Bref, veuillez juger par vous même de l'intérêt que peut développer le point de départ de cette histoire qui est montée et montrée à hauteur d'homme :

Lou Bloom est un individu plutôt assez looser et souffrant d'un comportement passablement borderline et froid, en outre, cet état mental entrainerait qu'il n'arrive pas à percer professionnellement à Los Angeles malgré son indéniable intelligence.

Car il faut le reconnaitre, si Lou Bloom est quelqu'un de psychologiquement et de radicalement détaché, s'avérant calculateur en toutes circonstances, et dépourvu de toute trace d'empathie pour ses semblables - , en contre-partie, ce gars "quelconque" s'avère être toujours très précis (jusqu'à être maniaque), mais aussi persévérant, méthodique, consciencieux, attentif et curieux de tout...

Sans posséder aucun diplôme, Lou se révèle être un autodidacte efficace, appliqué, scrupuleux et tenace en toutes circonstances, dont toutes les connaissances théoriques proviennent de ses nombreuses lectures effectuées sur Internet, motivées par sa curiosité naturelle. Sur ce point, les contenus de ses lectures sont toujours exploités et déballées avec calme et conviction, devant ses interlocuteurs souvent impressionnés, par sa pensée méthodique, analytique et claire...

Lors d'un soir de misère et de frustration sociale ressemblant à tous les autres soirs de son existence, Lou devient par hasard le témoin d'un accident de la route où sous ses yeux, des policiers tentent de sauver la vie d'une automobiliste gravement accidentée - pourtant, face à ce spectacle héroïque... Lou semble être seulement fasciné par la présence des cameramen - travaillant pour le journal TV d'une chaine de Los Angeles - qui tentent de capturer des images chocs en se faufilant entre les pompiers et la police qui s'agitent - à ce moment précis, Lou décide de la direction spectaculaire mais dramatique, que prendra son avenir :

Il sera cameraman, chasseur d'images chocs et tragiques...

Accrochez vos ceintures, cramponnez-vous à vos accoudoirs et préparez-vous pour un décollage vertical vers les hautes cimes de la dégueulasserie de l'arrivisme sauvage et aveugle, car ce film coup de poing et électrique, ne ménage à aucun moment les nerfs ou le sens moral du spectateur, qui assiste médusé, à l'ascension fulgurante de cet individu aussi dangereux et néfaste qu'il est parfaitement méthodique et minutieux, car sa principale caractéristique mentale consiste à demeurer parfaitement insensible et psychologiquement détaché devant la souffrance et l'agonie qu'il filme avec avidité...

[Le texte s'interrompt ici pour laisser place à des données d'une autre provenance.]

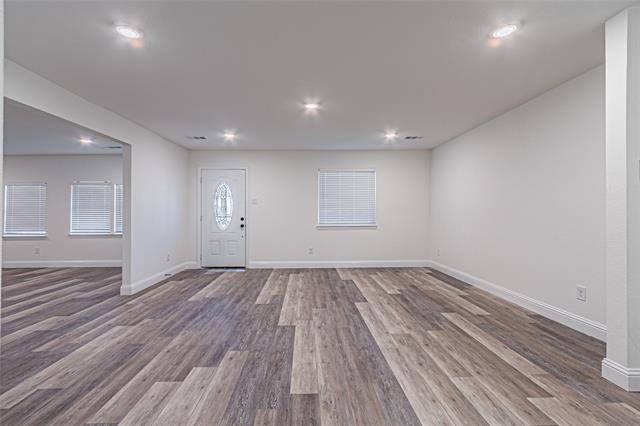 Building Photo - 2976 Mark Twain Dr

En effet, dans un parfait crescendo dramatique et stressant pour le spectateur, le scénario sait mettre en place un certain nombre de cas de figures, pour montrer concrètement que ce genre d'individu se révèle très dangereux et littéralement destructeur pour le commun des mortels car l'esprit maniaque de ce pur anti héros issus du bestiaire urbain du "rêve américain", finit par évoluer sous nos yeux , en une forme aigüe de sociopathie spectaculaire !...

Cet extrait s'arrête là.